There’s a little bit of magic in everything / and then some loss to even things out. —Lou Reed

SOUTH BY SOUTHWEST

To truly understand automakers’ perspectives on the future of vehicles, one must step outside the enthusiast zone and absorb their insights at events like SXSW, the bustling intersection of music and technology culture. The automotive future in these discussions is largely void of traditional driving; rather, it revolves around the concept of “mobility”, a term that remains somewhat ambiguous but one that could signal the eventual elimination of the steering wheel altogether. In line with this shift, gatherings such as the Mercedes me Convention serve to illuminate this transition. (Notably, “me” is intentionally lowercase—perhaps aiming to evoke a sense of individualism over self-importance.)
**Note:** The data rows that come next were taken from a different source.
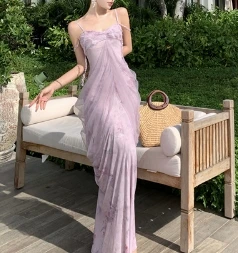 Elegant Spliced Mesh Print Vintage Sleeveless Chic Pleated Slim Straps Fairycore Dress Sexy Beach Vacation High Street Clothing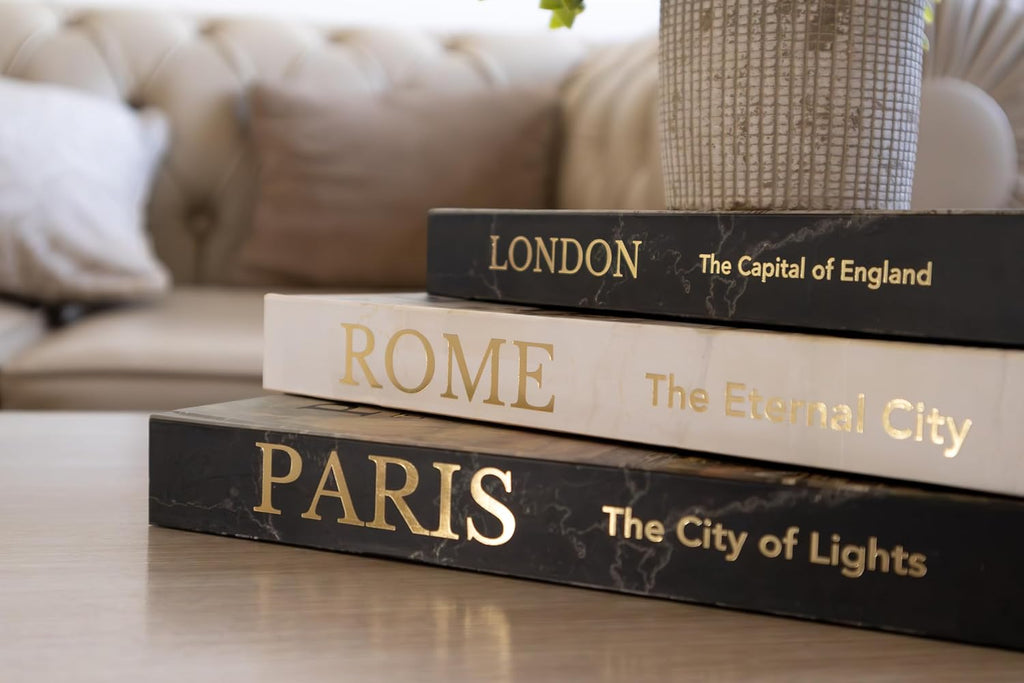 Decorative Books Decor, Beautiful Set of 3. Decorative Boxes, not pages inside. Libros Decorativos para Mesa de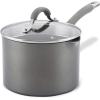 imageCirculon 84567 3QtCovered Straining Pour Spouts Hard Anodized Aluminum Saucepan 3 quart Oyster GrayGray
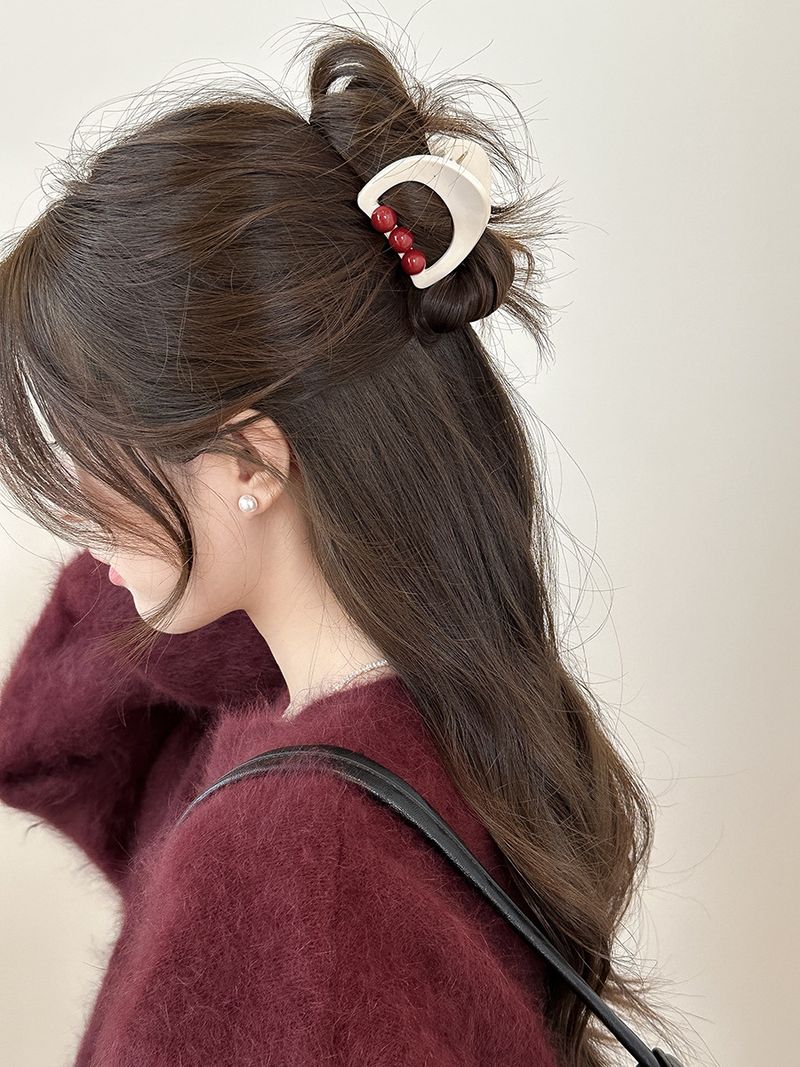 Temperamento Rosso Mezza Legatura Capelli Coreano Edizione Perla Piccola Fermaglio per Capelli Parte Posteriore della Testa Temperamento Forcina per Capelli Senso Avanzato Fermaglio Squalo Irregolare_voghion.com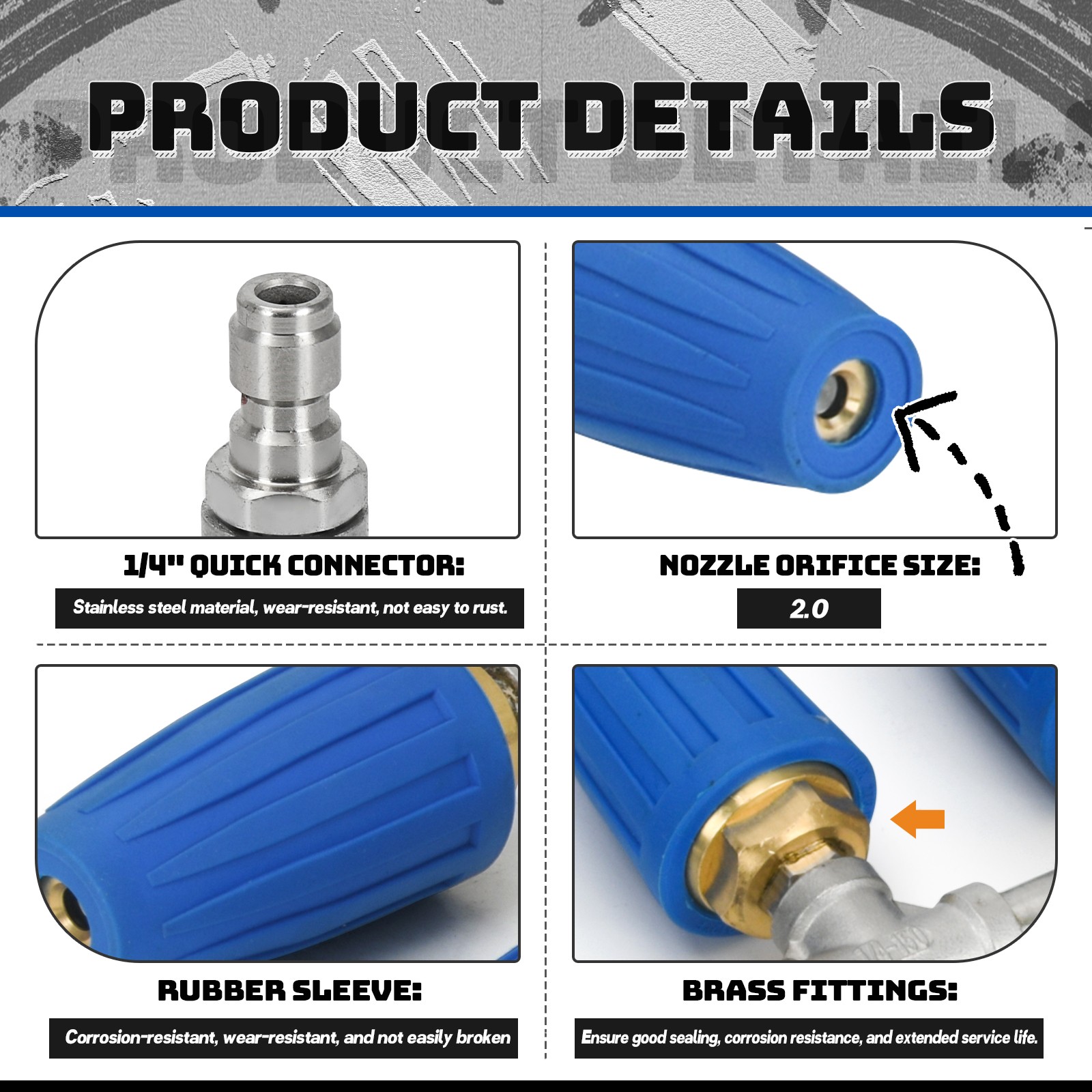 4-in-1 Turbo Nozzle Pressure Washer 4000 PSI 360° Rotating 1/4” Quick Connector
According to Dr. Jens Theimer, VP of global marketing communications at Mercedes, the vision is clear: “The me Convention aims to shift Mercedes from being a hardware manufacturer to a provider of mobility.” He made this statement to an audience of around 40 at the company’s SXSW media center in Austin, Texas. Essentially, the me Convention blends festival and conference elements that Mercedes takes to the right audiences to discuss “topics of the future,” as Theimer describes it.

The idea of transitioning to a “mobility” company may be jarring for driving enthusiasts—those at AMG would undoubtedly be shocked—but it is perfectly aligned with the spirit of SXSW, which, after a brief period as a launching pad for innovative apps over a decade ago, has expanded to embrace television, film, music, comedy, and gaming. The event features discussions such as “AI: Transforming Luxury, Fashion, and Beauty,” “VR’s Impact on the Sports Industry,” and “Creating the Most Popular Podcasts Ever.” It serves as a Spring Break for tech and cultural entrepreneurs, where a determined broker, enthusiastic fan, and junior digital marketer might find themselves racing to score last-minute tickets to a pop-up comedy show via the sleek SXSW app.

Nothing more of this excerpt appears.